The problem with opening Pandora's box is that you don't know exactly what's going to pop out. Or, to use Forrest Gump's more recent wisdom: Life [and apparently politics] is like a box of chocolates — you never know what you're going to get ... unless you begin opening the door to illegal alien amnesties, as the president did with the way he's chosen to s-l-o-w-l-y phase out the Obama administration's Deferred Action for Childhood Arrivals (DACA) program, and more recently the decades-long grant of "temporary" protected status (TPS) to various nationals, including most significantly and populously, aliens from El Salvador.
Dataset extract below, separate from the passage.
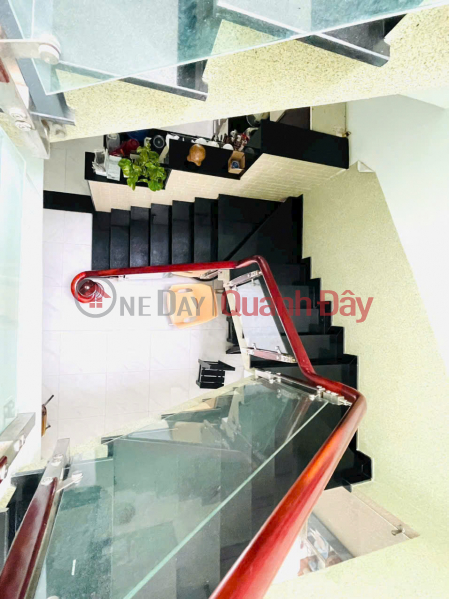 House for sale 1T1L Tan Phong Ward, business frontage near Thuan Hoa GS, only 5.2 billion | Vietnam | Sales | đ 5.2 Billion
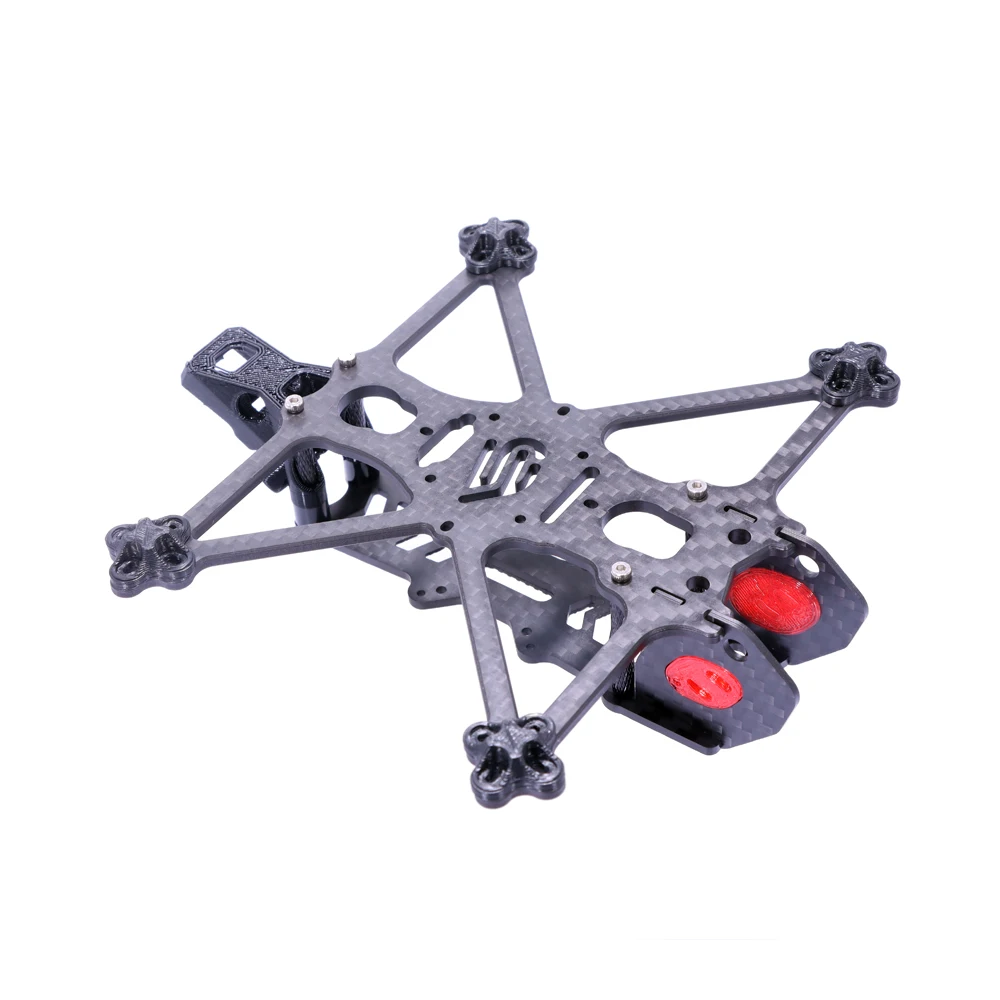 AlfaRC Fi-135 3 inç pervane kü - Drone Kit Racing incelemesi ve fiyatı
Doing it that way probably seemed like a good idea at the time — be humane, give aliens a chance to get their affairs together, prepare for the eventuality of departing, etc. My guess is that the president was counseled to take this approach by such luminaries as White House Chief of Staff John Kelly, who is very much a centrist on immigration matters, despite the near dearth of experience or knowledge he actually has in administering America's immigration system. His instincts are human, but his naiveté is great.
The problem with this polar opposite of the "strip the band-aid off quickly" approach is that it presupposes that aliens ever really think they're going to be forced out; it presupposes that aliens' open borders allies in advocacy groups, legal organizations, and even Congress, will sit still waiting for that eventuality to happen. Instead, as anyone with substantive experience realizes, this just gives them time to plan their lawfare and other strategies to defeat these "go away, go home, not today or the next, but sometime in that hazy future" mandates from the Department of Homeland Security (DHS) and its lesser organs on behalf of the president.
Now, compound that open invitation to dispute the end of these programs by all means fair and foul, with a very direct comment from the president, repeated from time to time for good measure by him or other White House figures, that he "expects" Congress to do something to actually eviscerate his "go home" mandate by means of amnesty legislation, and you have all the ingredients needed for where we find ourselves right now: Bring in the ponies!
These are the same one-trick ponies who are always trotted out once the amnesty ball gets rolling. They're decked out a little bit differently each time to distract the public eye, but it's the same old pirouette. They dance in a circle around ever wider amnesty schemes:
- DACA recipients!
- Then an even wider pool of "Dreamers" who include many who weren't eligible even by DACA's liberal standards!
- Then parents of the Dreamers, despite them being the ones who paid smugglers to jeopardize their children's lives in bringing them here illegally in the first place!
- And now, aliens who came illegally and serendipitously benefited from TPS for years and years, and who now (gasp!) are being told to leave since they didn't have the right to be here in the first place.
Who will get added to the accumulation of amnesties piling up in these bills next?
And what do real immigration reformers — the ones who want to see a system of immigration laws that are enforced fairly and uniformly — get in return?
Well, is anyone catching a whiff of the ponies' leavings as they dance this endless circle — one that is redolent of the Gang of Eight's abysmal and duplicitous (and, thank heavens, failed) "omnibus" bill of 2013?
That's what you'll get in the way of real border or interior enforcement, or a curtailment of disastrous chain migration, or an end to the dangerous visa lottery program. Droppings, and a vague and never-to-be-fulfilled "promise" to look into that stuff at some indefinite time in the future.